WORK ORDER
Once you reach the line with "Envase de un", copy it and every line after it exactly, up to the end of the data. Omit the pictures.

Short web captions
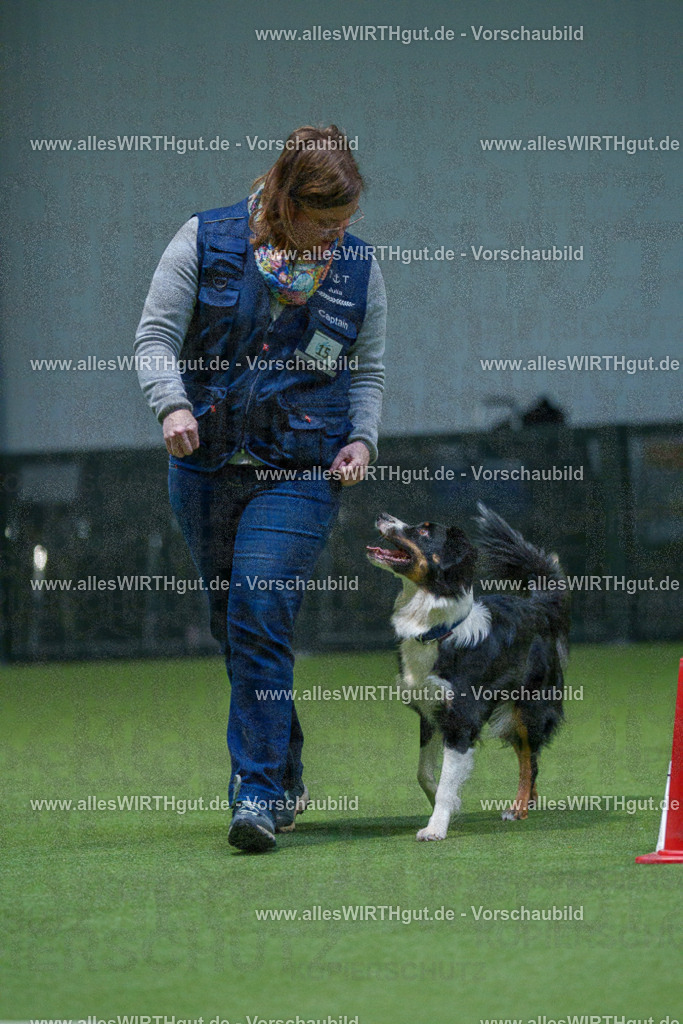 7R500548 | Professionelle Tierfotografie in Mönchengladbach von Daniel Wirth (allesWIRTHgut). Liebevolle & natürliche Bilder von Hunden & Katzen für unvergessliche Erinnerungen.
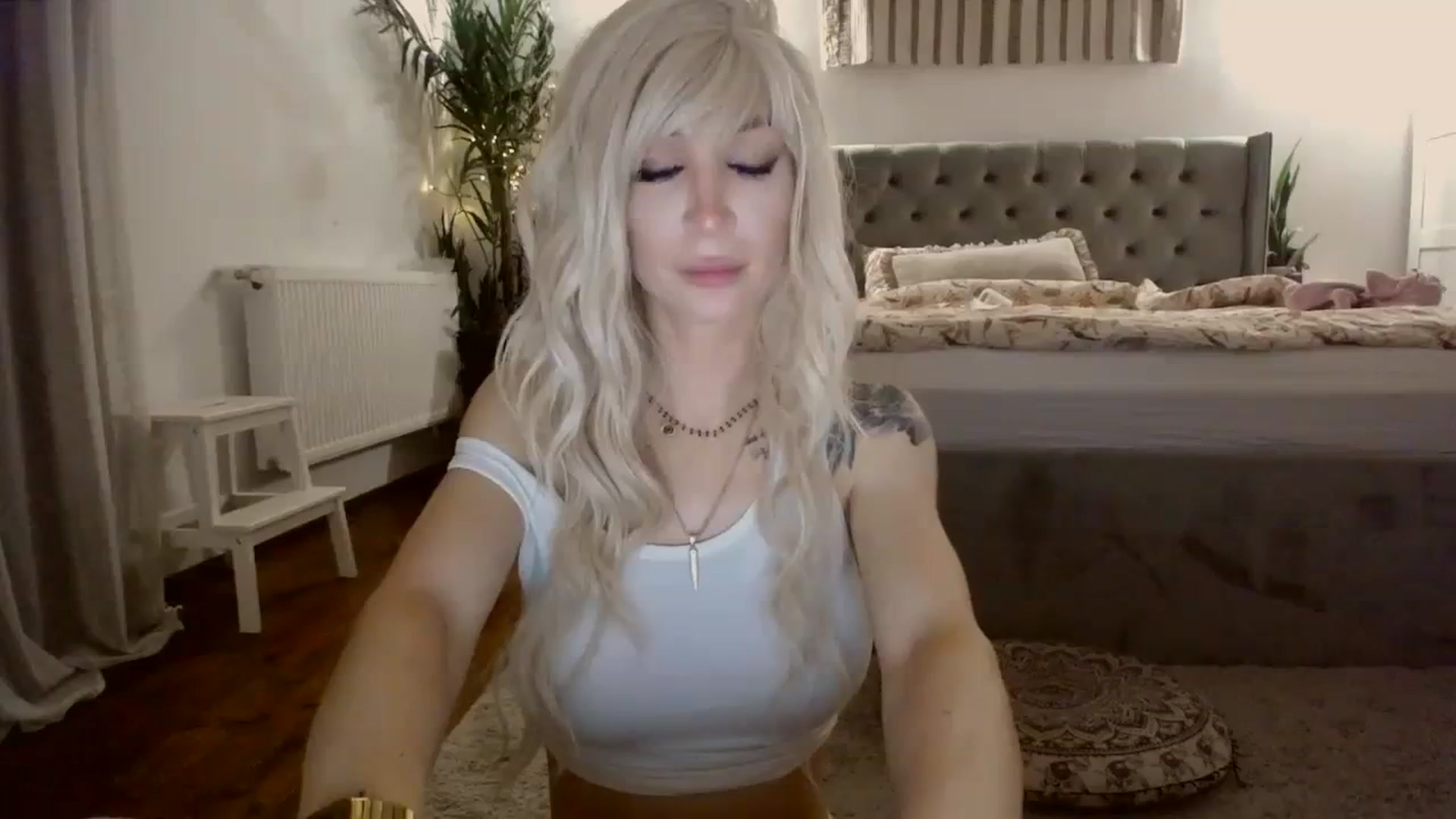 Gallery image thumbnail from BadKaylee_'s myfreecams stream on, 01/19/2024, 21:27 image 16 of 20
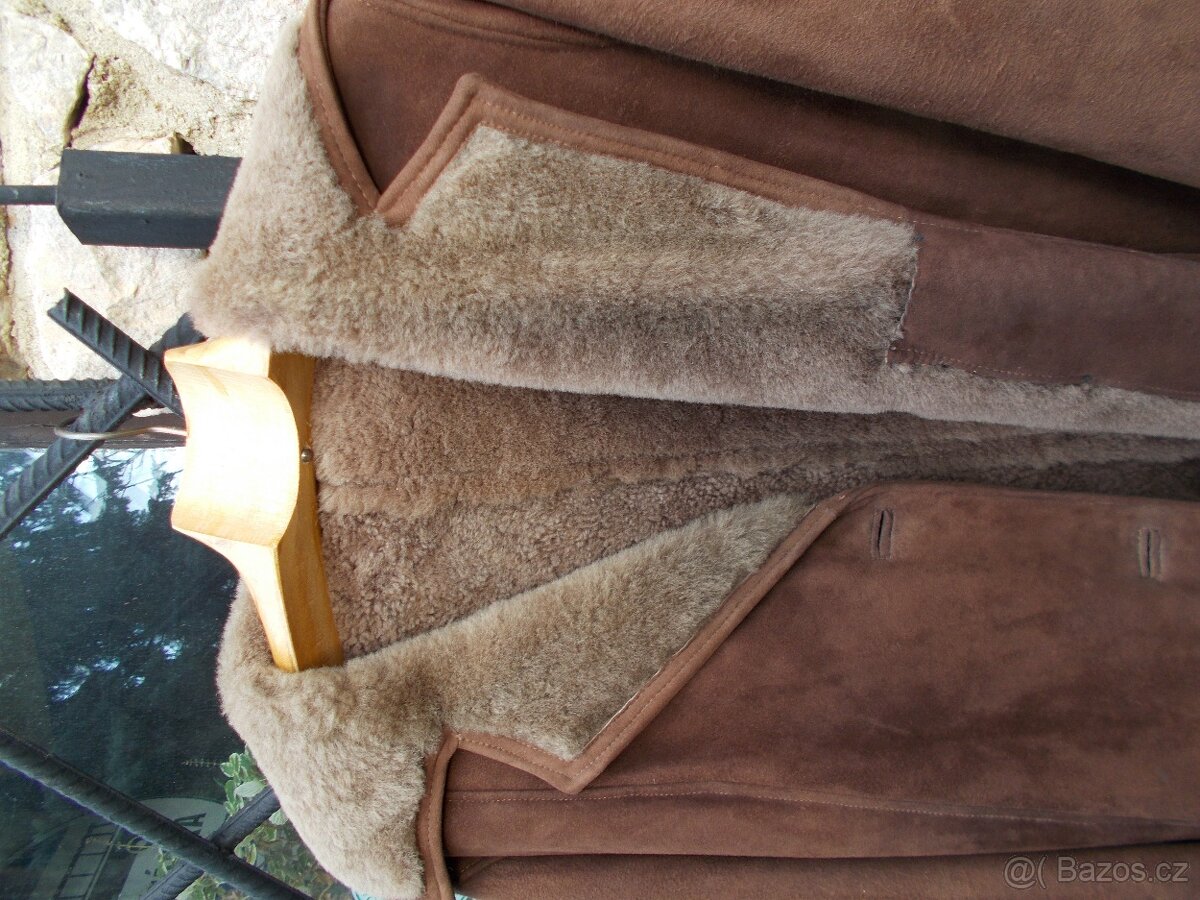 Dámský slušivý kožich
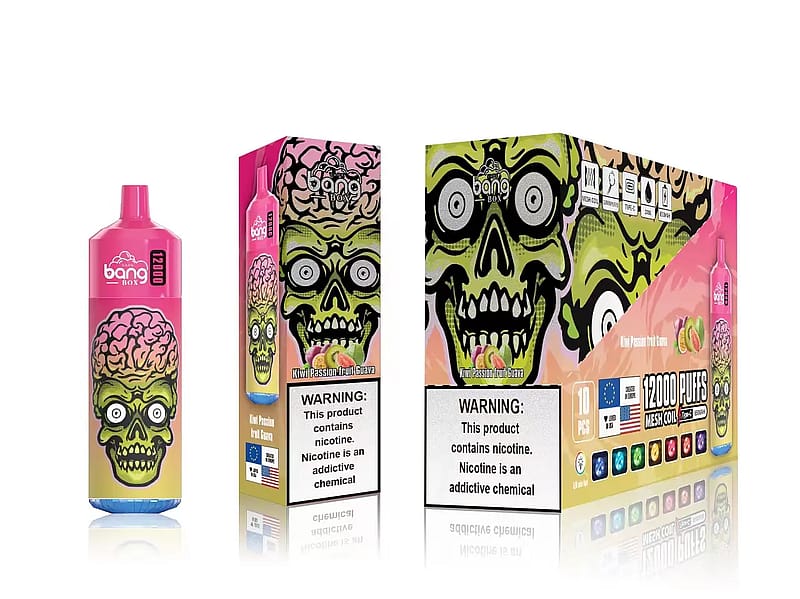 Envase de un producto de vapeo "Bang Box" que muestra una calavera verde con un cerebro rosa expuesto, con texto que indica el sabor "Kiwi Passion Fruit Guava" y una advertencia sobre la adicción a la nicotina.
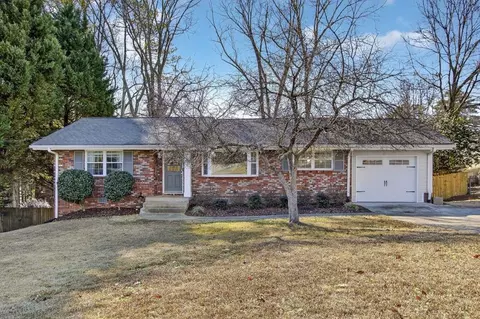 626 Rosedale Dr SE, Smyrna, GA 30082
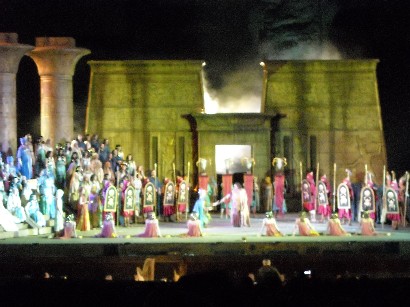 Caracalla 2010 (その２）：　Ａｉｄａ_c0086649_358589.jpg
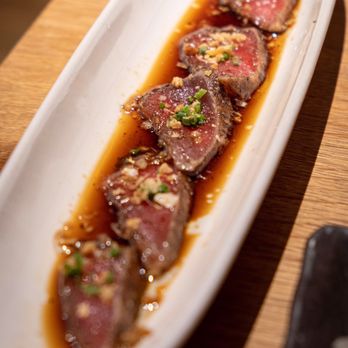 Ozumo - Tuna Tataki that almost tastes like beef - Izakaya Near Me - San Jose, California Ozumo - Tuna Tataki that almost tastes like beef - Izakaya Near Me - San Jose, California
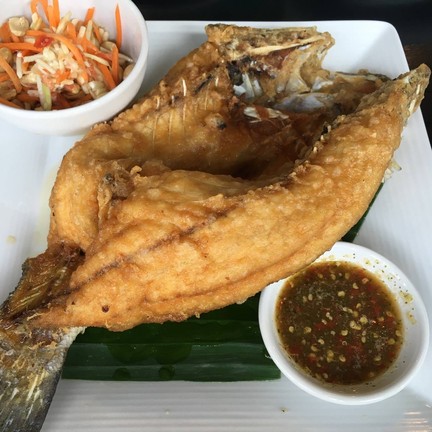 บ้านส้มตำ พระนั่งเกล้า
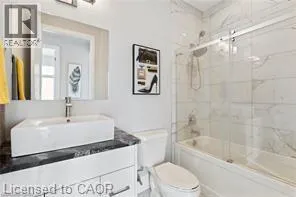 60 CHARLES Street W Unit# 3008, #3008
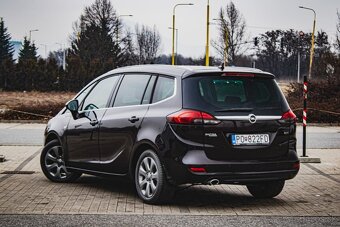 Opel Zafira Tourer 2.0 CDTi ECOTEC 165k Cosmo - 7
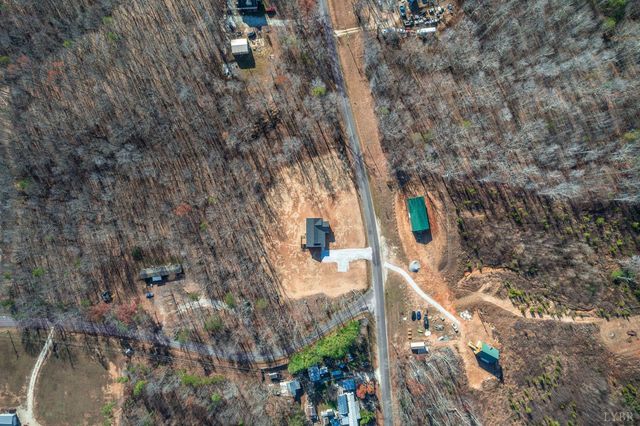 1720 Oak Ridge Road, Appomattox, VA 24522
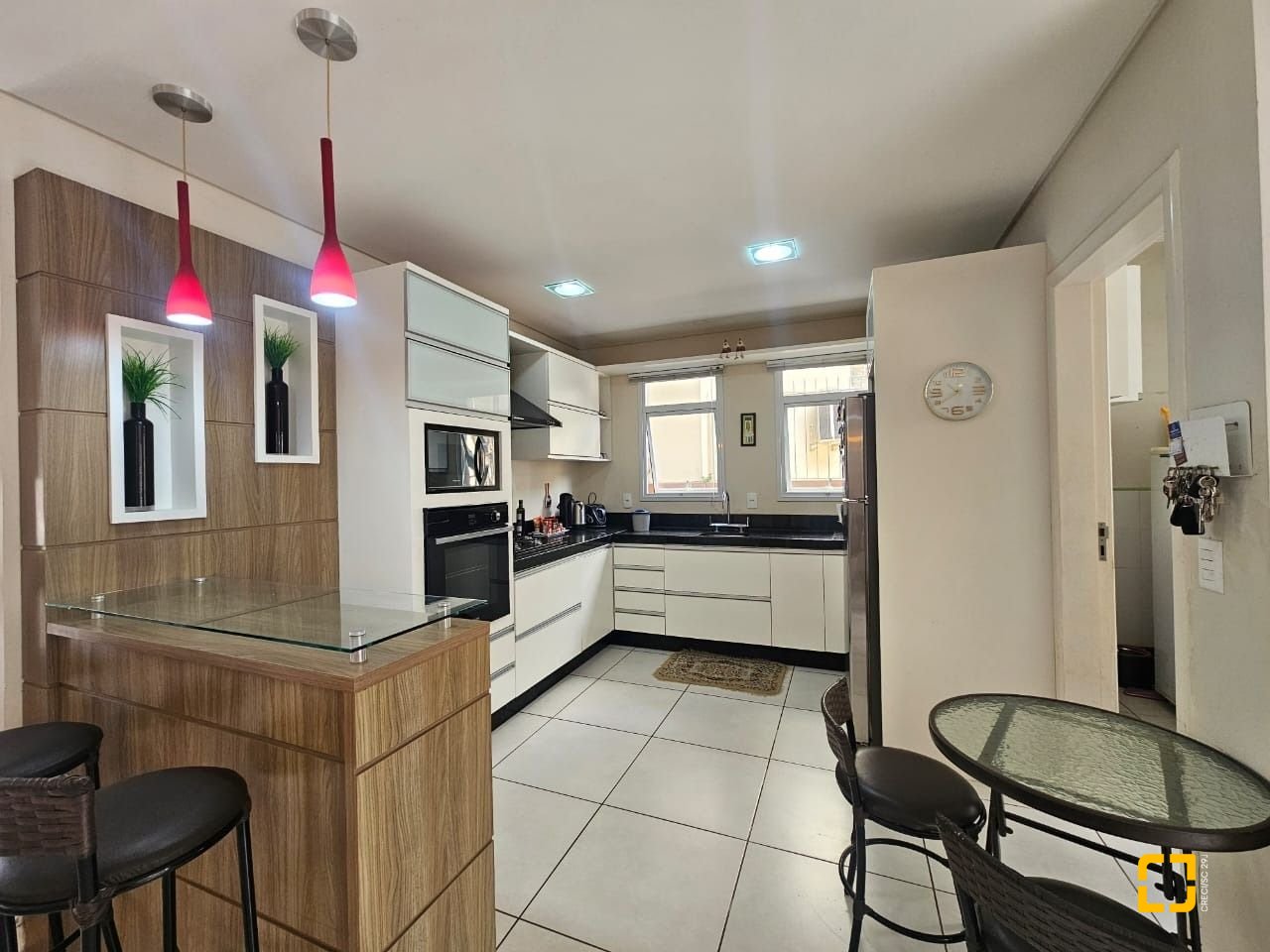 Casa com 220m², 4 quartos (sendo 1 suíte), 3 garagens, no bairro Bom Abrigo em Florianópolis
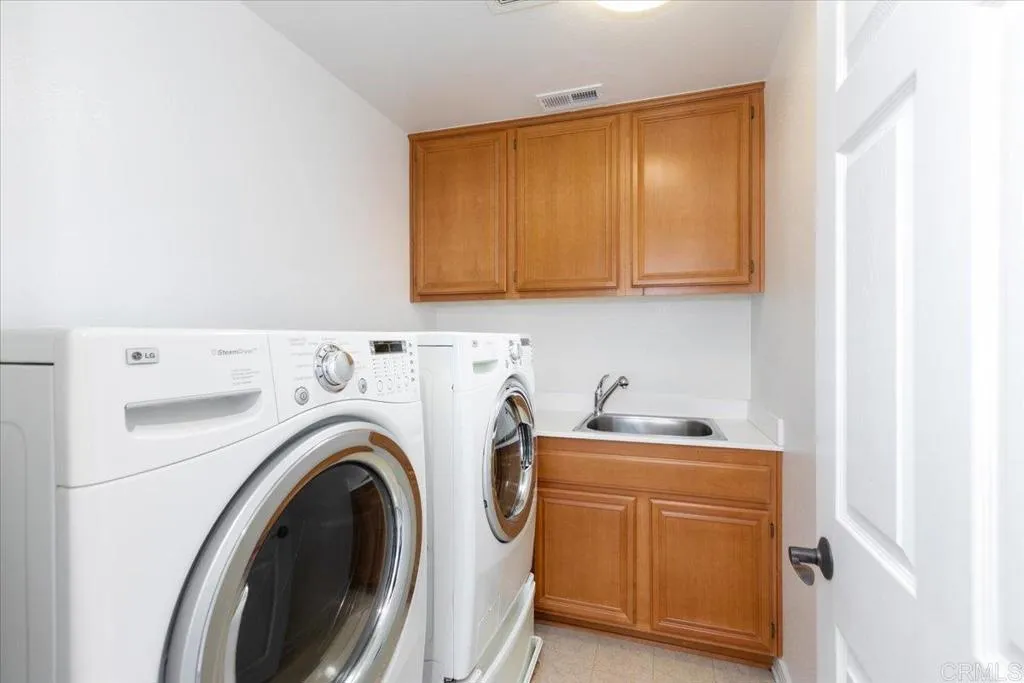 https://cdn.realtyfeed.com/cdn/127/306616420/495247b086e9452cd8f0f9b8f6ec5913.webp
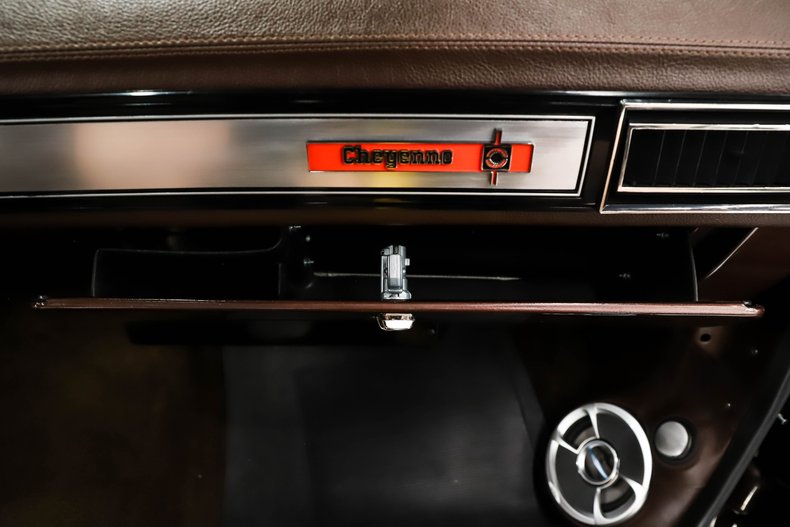 Chevrolet-Cheyenne-1978-Dark-Brown-Metallic-44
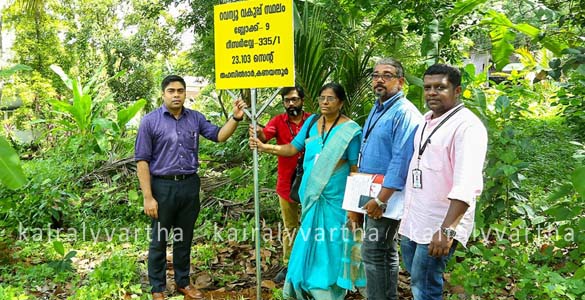 കാക്കനാട് സ്വകാര്യ വ്യക്തി കൈയേറിയിരുന്ന സര്‍ക്കാര്‍ ഭൂമി ജില്ലാ കളക്ടറുടെ നേതൃത്വത്തില്‍ പിടിച്ചെടുത്തു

COMPLETED TASK
 Envase de un producto de vapeo "Bang Box" que muestra una calavera verde con un cerebro rosa expuesto, con texto que indica el sabor "Kiwi Passion Fruit Guava" y una advertencia sobre la adicción a la nicotina.
 626 Rosedale Dr SE, Smyrna, GA 30082
 Caracalla 2010 (その２）：　Ａｉｄａ_c0086649_358589.jpg
 Ozumo - Tuna Tataki that almost tastes like beef - Izakaya Near Me - San Jose, California Ozumo - Tuna Tataki that almost tastes like beef - Izakaya Near Me - San Jose, California
 บ้านส้มตำ พระนั่งเกล้า
 60 CHARLES Street W Unit# 3008, #3008
 Opel Zafira Tourer 2.0 CDTi ECOTEC 165k Cosmo - 7
 1720 Oak Ridge Road, Appomattox, VA 24522
 Casa com 220m², 4 quartos (sendo 1 suíte), 3 garagens, no bairro Bom Abrigo em Florianópolis
 https://cdn.realtyfeed.com/cdn/127/306616420/495247b086e9452cd8f0f9b8f6ec5913.webp
 Chevrolet-Cheyenne-1978-Dark-Brown-Metallic-44
 കാക്കനാട് സ്വകാര്യ വ്യക്തി കൈയേറിയിരുന്ന സര്‍ക്കാര്‍ ഭൂമി ജില്ലാ കളക്ടറുടെ നേതൃത്വത്തില്‍ പിടിച്ചെടുത്തു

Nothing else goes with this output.